Michigan agency under fire for 'How to Organize a Union' event

Beth LeBlanc
The Detroit News

Lansing — A Republican-led Senate panel will reconsider a Michigan department's budget recommendation after the department revealed it would hold training to instruct private and public sector employees on "how to organize a union."

Sen. Ken Horn, R-Frankenmuth, said the unionization training is "beyond the scope and mission" of the Department of Labor and Economic Opportunity, and Senate Majority Leader Mike Shirkey, R-Clarklake, accused the state of putting a "thumb on the scale" for unions.

The union organizing training and the department's development of permanent COVID-19 workplace rules have pushed the Senate to schedule a subcommittee meeting next week to reconsider the Senate's budget plan for the department, Horn said. 

The Michigan Department of Labor and Economic Opportunity is being criticized by GOP legislative leaders for scheduling an event instructing public and private sector employees on how to organize a union.

"We’re going to ask the acting director to lay out the holistic view of what LEO is doing in promoting both employers and employees," Horn said. 

The agency on Friday said it looked forward to discussing with the subcommittee "the many educational resources and services the department provides both employers and employees, and giving an update on the work MIOSHA is doing to keep workers safe from COVID-19."

The department's deputy director of labor, Sean Egan, defended the unionization webinar, scheduled for Monday, as part of the state's inaugural Workplace Rights Week and noted it is for "educational purposes only."

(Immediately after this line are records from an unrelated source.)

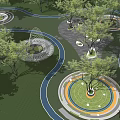 Tree Pits In Park Landscape Design With Curved Pathways And Circular Layout 3d model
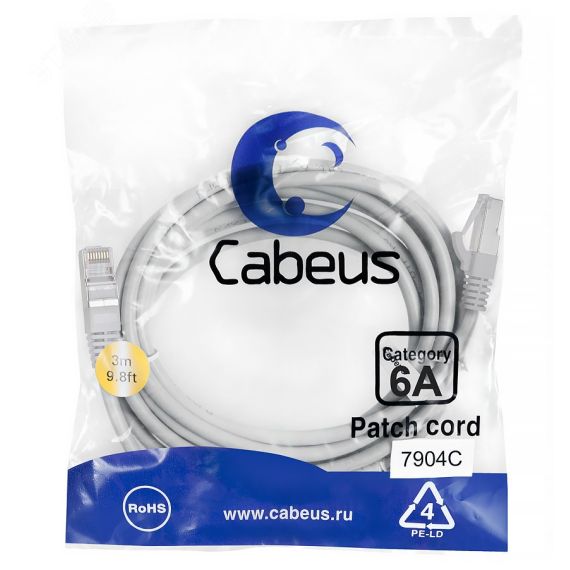 Патч-корд S/FTP, категория 6а (10G), 2xRJ45/8p8c, экранированный, серый, LSZH, 3м Cabeus PC-SSTP-RJ45-Cat.6a-3m-LSZH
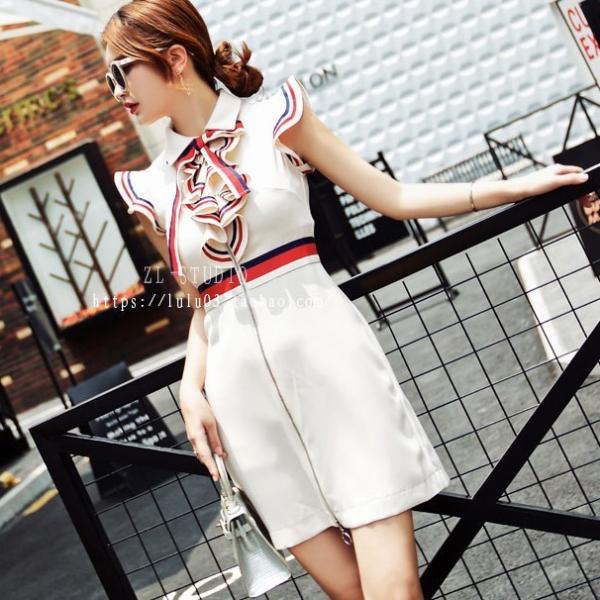 トリコロールカラーが可愛い レトロフリルスリムワンピース ワンピース レディース 春 秋 代 30代 40代 Buyee Buyee Japanese Proxy Service Buy From Japan Bot Online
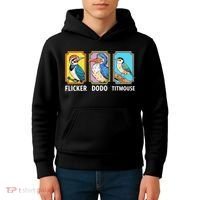 Flicker Dodo Titmouse Bird Lover Kids Hoodie thumb 4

The event "is aimed at not only answering questions we receive from constituents on a regular basis, but to also educate Michiganders of their protected rights under the law," Egan said in a Thursday statement.

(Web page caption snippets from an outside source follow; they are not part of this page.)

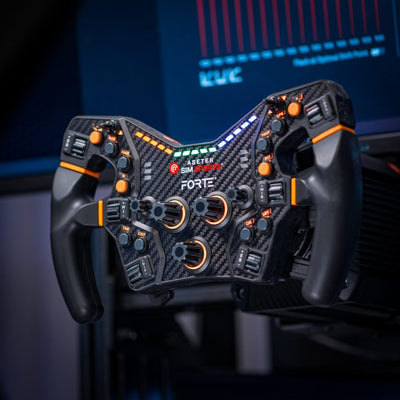 Close-up of Asetek Forte® Formula Steering Wheel with exquisite Danish design and 290mm diameter, highlighting its premium build.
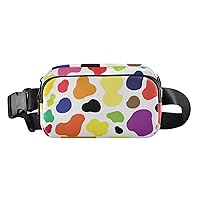 Colorful Cow Fanny Packs for Women Everywhere Belt Bag Fanny Pack Crossbody Bags for Women Girls Fashion Waist Packs with Adjustable Strap Waist Bag for Outdoors Sports Travel Shopping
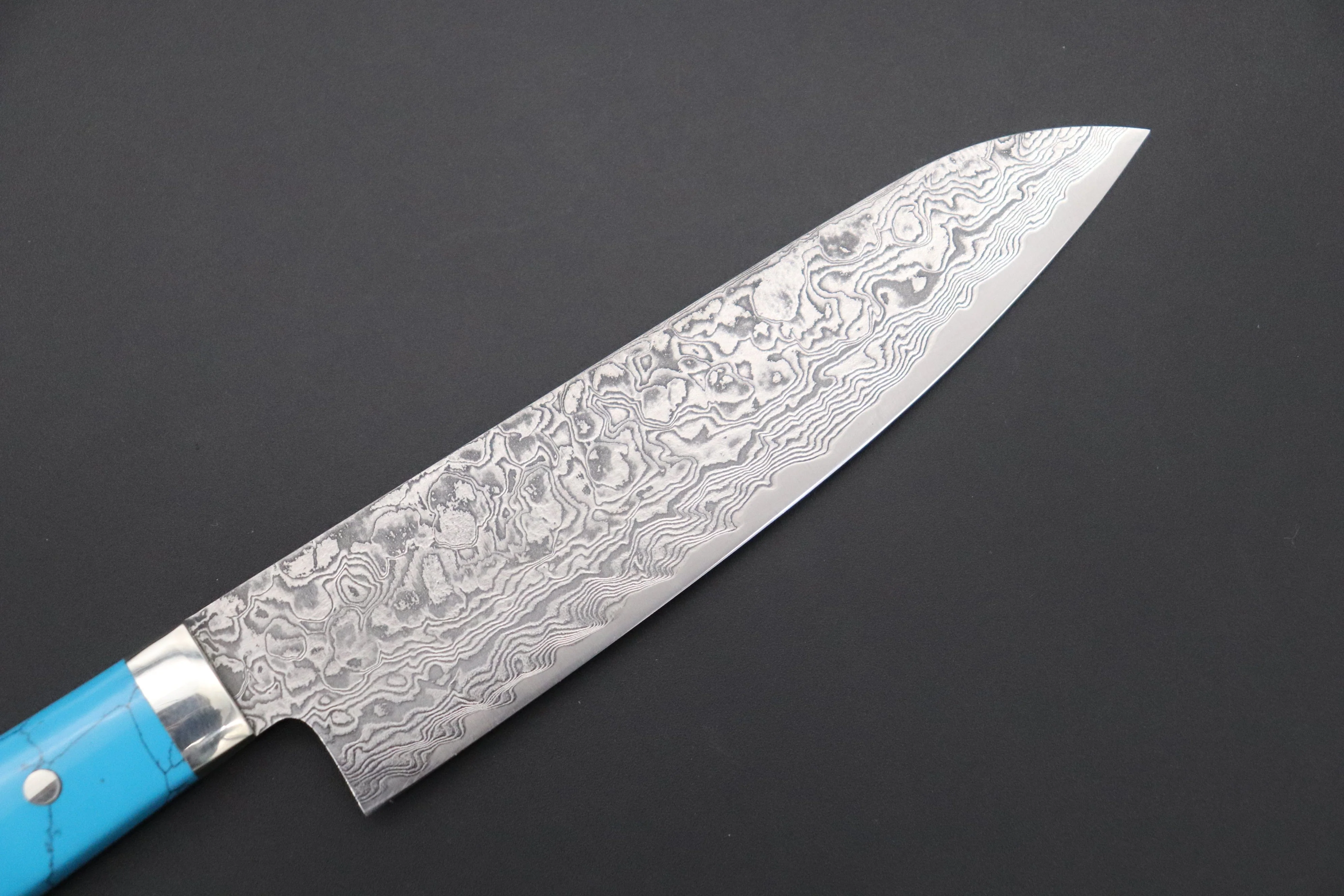 Mr. Itou R-2 Custom Damascus Petty 135mm (5.3 inch) "Turquoise Gem-Composite Stone Handle" (IT-215) - Image 6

Democratic Gov. Gretchen Whitmer ran for office in 2018 with overwhelming support from private-sector and public-sector unions. A June 2020 press release from Whitmer's office noted that Egan is a journeyman electrician who has maintained his membership in the International Brotherhood of Electrical Workers.

Shirkey criticized the training on the radio and in a statement this week, accusing the state of putting a "thumb on the scale" of what should be a discussion exclusive to union organizers and workers.  

"I celebrate their right to be able do so," Shirkey told radio host Guy Gordon Thursday. "I encourage them to do so. But it’s not a government or taxpayer function and this is an assault on the citizens of Michigan in my opinion.”

Shirkey is the founder and owner of Orbitform, a Jackson-based engineering company. 

In a Thursday morning press release, the Michigan Department of Labor and Economic Opportunity said Egan would hold a training event on "How to Organize a Union" with National Labor Relations Board field examiner Dan Molenda for "private sector employees."

"Join the event to learn more about (an) employee's right to organize, bargain collectively and advocate for better protections," the notice said. 

Later in the day, the department sent out a second alert notifying people that Molenda would have to reschedule but would be featured at a later webinar on "workplace rights for private sector workers" in the coming weeks. 

The new alert kept the training with Egan, but tailored it to "the election process overview to form a union for public sector employees."

Horn said he was encouraged that Molenda was "pulled" from the lineup for the Monday training and hoped Egan "would do the same thing."

Shirkey argued the state's passage of the a right-to-work law that took effect in March 2013 gave unions the freedom to "make their case" and workers the freedom to "make their choice." Taxpayer dollars shouldn't be used to make the case, he said. 

"Businesses and capital have freedom to move anywhere in the world right now. And they are very careful about where they place their capital and whether it’s a business-friendly environment or not," Shirkey told WJR-AM's Guy Gordon Thursday.

"These businesses that are deploying their capital and have those choices from states and even countries, they’re looking for signals like this that would cause them to question whether or not it’s a friendly environment.” 

The training comes a couple weeks after workers at an Alabama Amazon warehouse rejected efforts to form a union amid criticisms of Amazon's treatment of workers during the pandemic. 

The vote against unionization cut off a possible path labor activists envisioned for other private-sector Amazon locations to unionize.

The Michigan Occupational Safety and Health Administration announced last week that in addition to extending emergency workplace COVID-19 restrictions, it also had begun the development of permanent workplace rules in case Michigan's run with COVID-19 wasn't finished by the time the temporary restrictions run out in October. 

Horn said there's no need for permanent COVID rules for workplaces.

"When every employee who wishes to be vaccinated is and every employee who wishes not to be is comfortable with that, who may I ask is MIOSHA protecting with extended COVID rules?” Horn said.